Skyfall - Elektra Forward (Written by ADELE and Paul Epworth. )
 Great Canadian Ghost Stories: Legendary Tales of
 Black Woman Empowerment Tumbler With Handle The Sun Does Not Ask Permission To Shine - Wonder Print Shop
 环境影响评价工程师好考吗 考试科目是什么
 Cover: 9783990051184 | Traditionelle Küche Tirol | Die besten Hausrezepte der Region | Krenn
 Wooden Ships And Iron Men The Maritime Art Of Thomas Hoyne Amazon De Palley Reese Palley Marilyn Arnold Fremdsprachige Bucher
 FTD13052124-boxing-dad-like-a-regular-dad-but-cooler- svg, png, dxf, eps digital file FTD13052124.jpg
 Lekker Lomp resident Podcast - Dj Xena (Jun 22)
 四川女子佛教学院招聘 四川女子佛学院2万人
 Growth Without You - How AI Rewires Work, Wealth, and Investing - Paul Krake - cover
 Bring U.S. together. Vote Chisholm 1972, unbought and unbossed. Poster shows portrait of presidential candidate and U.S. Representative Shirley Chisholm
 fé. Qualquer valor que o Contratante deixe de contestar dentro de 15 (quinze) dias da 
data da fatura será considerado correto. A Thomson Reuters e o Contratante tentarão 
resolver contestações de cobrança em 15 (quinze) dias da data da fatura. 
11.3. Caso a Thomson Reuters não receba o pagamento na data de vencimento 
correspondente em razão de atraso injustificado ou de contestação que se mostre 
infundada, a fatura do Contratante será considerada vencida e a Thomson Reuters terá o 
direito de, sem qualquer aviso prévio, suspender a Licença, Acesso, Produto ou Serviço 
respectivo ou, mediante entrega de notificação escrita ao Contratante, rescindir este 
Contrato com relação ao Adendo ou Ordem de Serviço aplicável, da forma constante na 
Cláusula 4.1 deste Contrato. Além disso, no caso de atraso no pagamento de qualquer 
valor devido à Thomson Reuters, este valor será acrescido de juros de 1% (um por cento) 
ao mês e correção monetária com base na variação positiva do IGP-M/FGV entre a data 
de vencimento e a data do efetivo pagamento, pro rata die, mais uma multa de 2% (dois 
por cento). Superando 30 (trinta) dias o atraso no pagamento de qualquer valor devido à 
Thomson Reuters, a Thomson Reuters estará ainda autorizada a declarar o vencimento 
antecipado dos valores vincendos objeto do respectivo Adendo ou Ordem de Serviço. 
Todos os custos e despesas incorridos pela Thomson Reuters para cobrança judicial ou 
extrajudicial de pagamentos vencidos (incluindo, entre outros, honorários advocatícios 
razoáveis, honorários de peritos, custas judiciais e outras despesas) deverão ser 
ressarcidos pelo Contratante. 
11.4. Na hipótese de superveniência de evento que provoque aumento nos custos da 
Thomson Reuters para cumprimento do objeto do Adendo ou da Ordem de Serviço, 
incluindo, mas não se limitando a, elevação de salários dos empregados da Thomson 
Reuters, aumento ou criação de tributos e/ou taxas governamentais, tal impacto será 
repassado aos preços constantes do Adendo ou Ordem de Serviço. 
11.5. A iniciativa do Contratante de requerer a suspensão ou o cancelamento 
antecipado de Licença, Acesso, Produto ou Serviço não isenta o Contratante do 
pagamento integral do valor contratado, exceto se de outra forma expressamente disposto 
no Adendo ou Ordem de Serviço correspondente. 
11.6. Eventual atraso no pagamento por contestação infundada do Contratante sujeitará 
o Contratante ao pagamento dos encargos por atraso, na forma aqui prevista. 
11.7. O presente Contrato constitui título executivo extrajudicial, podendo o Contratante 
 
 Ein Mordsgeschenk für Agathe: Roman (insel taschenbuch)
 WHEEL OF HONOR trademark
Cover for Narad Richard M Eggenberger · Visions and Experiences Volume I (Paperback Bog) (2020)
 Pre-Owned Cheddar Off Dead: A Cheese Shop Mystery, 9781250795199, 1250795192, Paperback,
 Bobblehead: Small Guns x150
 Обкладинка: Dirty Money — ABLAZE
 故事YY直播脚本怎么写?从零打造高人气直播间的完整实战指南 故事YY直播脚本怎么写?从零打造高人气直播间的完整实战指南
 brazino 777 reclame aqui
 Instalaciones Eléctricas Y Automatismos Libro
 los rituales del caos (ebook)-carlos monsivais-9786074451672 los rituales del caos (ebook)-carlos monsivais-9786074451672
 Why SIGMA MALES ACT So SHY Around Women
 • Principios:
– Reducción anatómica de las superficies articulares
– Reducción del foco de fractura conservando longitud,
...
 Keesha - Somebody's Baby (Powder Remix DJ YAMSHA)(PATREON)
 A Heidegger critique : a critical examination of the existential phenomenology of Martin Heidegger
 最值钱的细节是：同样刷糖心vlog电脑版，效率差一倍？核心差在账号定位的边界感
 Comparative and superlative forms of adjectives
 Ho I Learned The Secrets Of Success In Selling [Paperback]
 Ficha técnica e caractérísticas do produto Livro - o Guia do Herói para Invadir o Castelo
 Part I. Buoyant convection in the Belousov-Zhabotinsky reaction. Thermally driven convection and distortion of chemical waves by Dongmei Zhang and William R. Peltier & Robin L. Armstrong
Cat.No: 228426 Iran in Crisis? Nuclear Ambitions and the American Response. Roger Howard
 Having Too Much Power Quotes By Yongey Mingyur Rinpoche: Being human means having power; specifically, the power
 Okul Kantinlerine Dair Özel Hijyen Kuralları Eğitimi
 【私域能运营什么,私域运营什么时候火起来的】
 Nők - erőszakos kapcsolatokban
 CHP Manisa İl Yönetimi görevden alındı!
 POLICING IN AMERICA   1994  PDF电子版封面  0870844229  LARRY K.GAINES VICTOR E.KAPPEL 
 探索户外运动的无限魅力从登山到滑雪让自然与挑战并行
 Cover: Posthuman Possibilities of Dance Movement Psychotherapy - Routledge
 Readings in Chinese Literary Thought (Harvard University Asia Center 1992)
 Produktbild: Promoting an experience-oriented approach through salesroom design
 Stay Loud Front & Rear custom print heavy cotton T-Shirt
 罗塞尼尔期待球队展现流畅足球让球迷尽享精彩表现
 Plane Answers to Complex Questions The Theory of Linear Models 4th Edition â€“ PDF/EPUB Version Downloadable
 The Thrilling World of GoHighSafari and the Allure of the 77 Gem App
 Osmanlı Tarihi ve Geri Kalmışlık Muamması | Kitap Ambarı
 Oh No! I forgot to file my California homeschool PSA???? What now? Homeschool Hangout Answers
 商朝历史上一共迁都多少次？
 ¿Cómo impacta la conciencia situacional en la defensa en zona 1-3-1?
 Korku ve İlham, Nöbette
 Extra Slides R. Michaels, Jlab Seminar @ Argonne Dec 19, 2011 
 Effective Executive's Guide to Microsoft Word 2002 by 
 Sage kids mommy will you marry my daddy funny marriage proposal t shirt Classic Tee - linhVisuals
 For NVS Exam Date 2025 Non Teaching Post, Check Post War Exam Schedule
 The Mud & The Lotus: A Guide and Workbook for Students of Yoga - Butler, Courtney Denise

★ ★ ★ ★ ★

**PROBLEM DESCRIPTION**. Up to and including the final line of the data above, please copy every line exactly, starting from the one that contains "Effective Executive's Guide".

**TASK RESULT**.
 Effective Executive's Guide to Microsoft Word 2002 by 
 Sage kids mommy will you marry my daddy funny marriage proposal t shirt Classic Tee - linhVisuals
 For NVS Exam Date 2025 Non Teaching Post, Check Post War Exam Schedule
 The Mud & The Lotus: A Guide and Workbook for Students of Yoga - Butler, Courtney Denise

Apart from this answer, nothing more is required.